Input data:
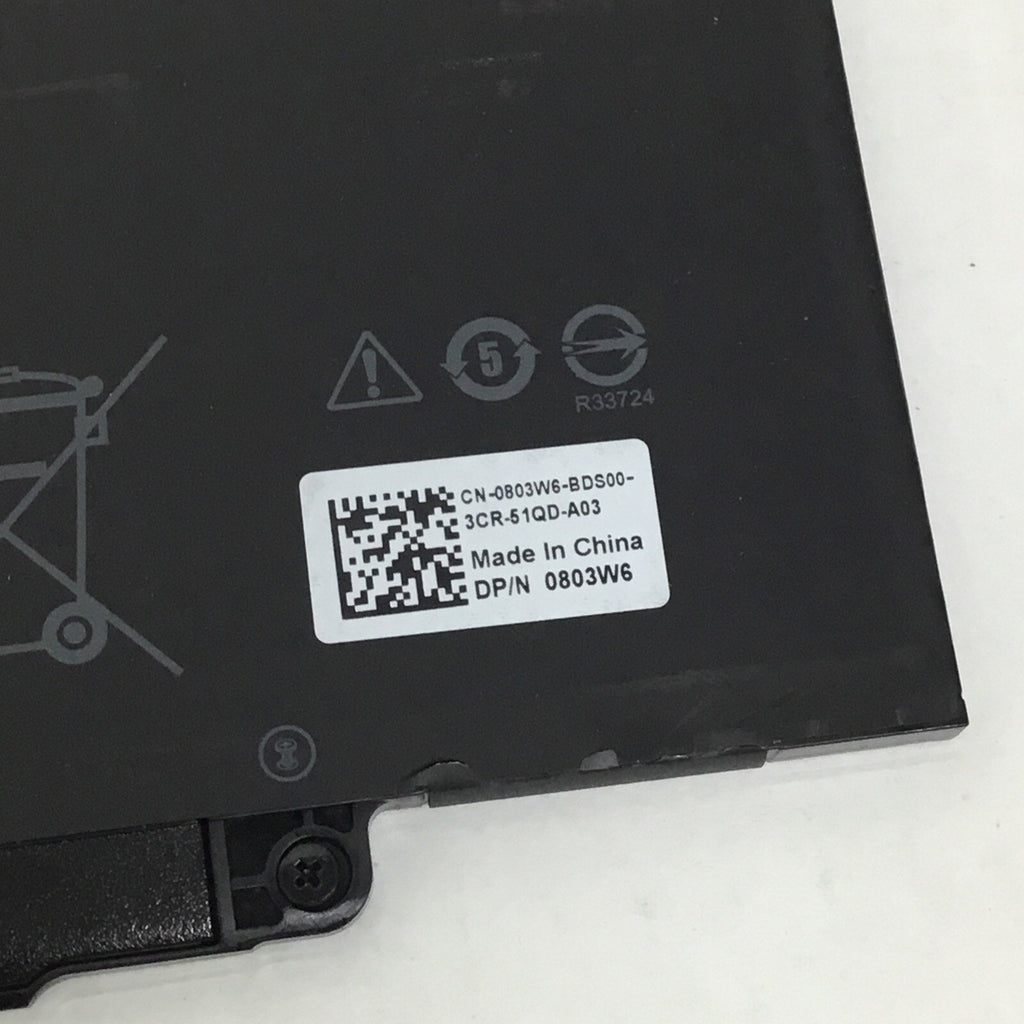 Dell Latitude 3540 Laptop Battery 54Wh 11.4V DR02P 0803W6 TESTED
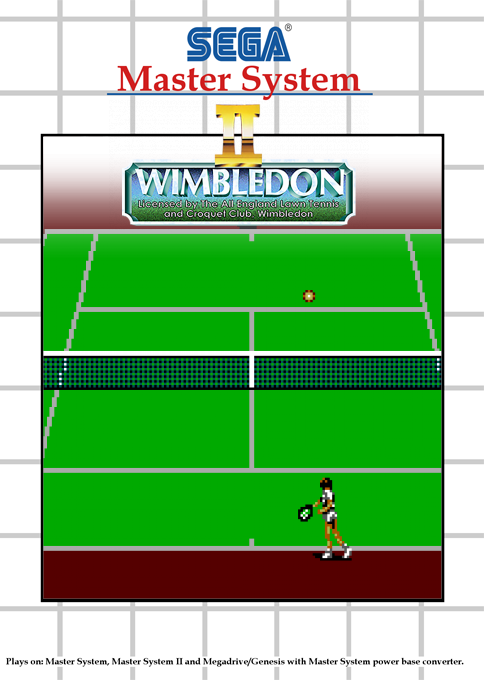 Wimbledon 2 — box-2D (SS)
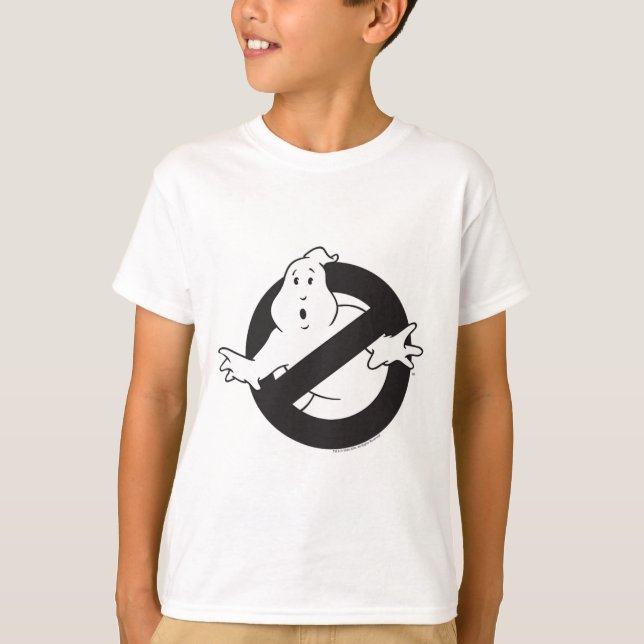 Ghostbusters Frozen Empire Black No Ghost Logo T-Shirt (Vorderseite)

About this exercise: For this exercise, output only the lines from the one bearing "Wimbledon 2 — box-2D (SS)" to the end of the material above, exactly as written, with pictures left out.

Output of the task:
 Wimbledon 2 — box-2D (SS)
 Ghostbusters Frozen Empire Black No Ghost Logo T-Shirt (Vorderseite)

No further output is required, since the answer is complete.